Bezirk | Anzahl Vereine (alle) | Anzahl Vereine (Umfrage) | Anzahl Einwohner | Verhältnis Einwohner / Verein (alle) |
---|---|---|---|---|
Bezirk Mitte | 41 | 21 | 368.122 | 8.978 |
Bezirk Friedrichshain-Kreuzberg | 14 | 6 | 281.076 | 20.076 |
Bezirk Pankow | 10 | 7 | 394.816 | 39.481 |
Bezirk Charlottenburg-Wilmersdorf | 25 | 8 | 334.351 | 13.374 |
Bezirk Spandau | 7 | 4 | 238.278 | 34.039 |
Bezirk Steglitz-Zehlendorf | 19 | 9 | 302.535 | 15.922 |
Bezirk Tempelhof-Schöneberg | 15 | 7 | 345.024 | 23.001 |
Bezirk Neukölln | 10 | 3 | 328.045 | 32.804 |
Bezirk Treptow-Köpenick | 13 | 7 | 257.782 | 19.829 |
Bezirk Marzahn-Hellersdorf | 9 | 6 | 261.954 | 29.106 |
Bezirk Lichtenberg (Hohenschönhausen) | 13 | 7 | 280.721 | 21.593 |
Bezirk Reinickendorf | 5 | 2 | 260.253 | 52.050 |
Berlin (Verein hat keinen Sitz in Berlin) | 21 | 10 | ||
Summe | 202 | 97 |
Einwohnerzahlen - Amt für Statistik Berlin-Brandenburg, 2016
Gründungsjahre:
Überraschend sind die erfassten Gründungsjahre der Vereine. Hier wurde eine Gründungswelle beginnend in den 1970er Jahren erwartet. In den Daten zeigen sich jedoch Anstiege in der Gründungszahl in den 1990er und 2000er Jahren. Erklärt werden kann der Anstieg anhand der politischen Wende in Deutschland und der wachsenden Kollaboration mithilfe der neuen Medien.
Mitglieder:
Die Mitgliederzahlen der Vereine weisen keine auffälligen Zusammenhänge auf. So konnte beispielsweise keine Verbindung zwischen dem Alter und der Größe eines Vereins hergestellt werden. Auch thematisch konnte die Popularität der Themen der Vereine nicht mit den Mitgliederzahlen verknüpft werden. Nicht überraschend ist die Feststellung, dass die meisten Mitglieder der Vereine zwischen 48 und 60 Jahren alt sind. Aufgrund von Berufsleben und Kindererziehung sind jüngere Menschen offensichtlich weniger aktiv in Vereinen. Auch die Vermutung, dass Frauen weniger häufig Mitglieder in einem Verein sind, kann bestätigt werden.

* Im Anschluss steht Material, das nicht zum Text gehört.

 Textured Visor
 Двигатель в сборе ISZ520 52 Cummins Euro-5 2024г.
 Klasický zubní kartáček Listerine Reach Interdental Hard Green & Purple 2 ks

Veranstaltungen und Internetauftritt:
Die Vereine bieten eine Vielzahl von öffentlichen Veranstaltungen an, die von Führungen bis hin zu regulären Vereinsstammtischen reichen. Dabei sehen die meisten Vereine die Anwendung von wissenschaftlichen Arbeitsweisen in ihrem Verein als bedeutend an. Auch geben fast alle Vereine eine Form von Veröffentlichung heraus. Alle Vereine sind über das Internet erreichbar und über die Hälfte bieten weitere Angebote über Social Media an.
Weitere Forschung notwendig:
Im Jahr 2018 werden detailliertere Zusammenfassungen der Ergebnisse in die Webseite eingearbeitet. In der zweiten Jahreshälfte ist eine Kontaktierung und Befragung der Vereine geplant, die sich bisher nicht an der Umfrage beteiligt haben.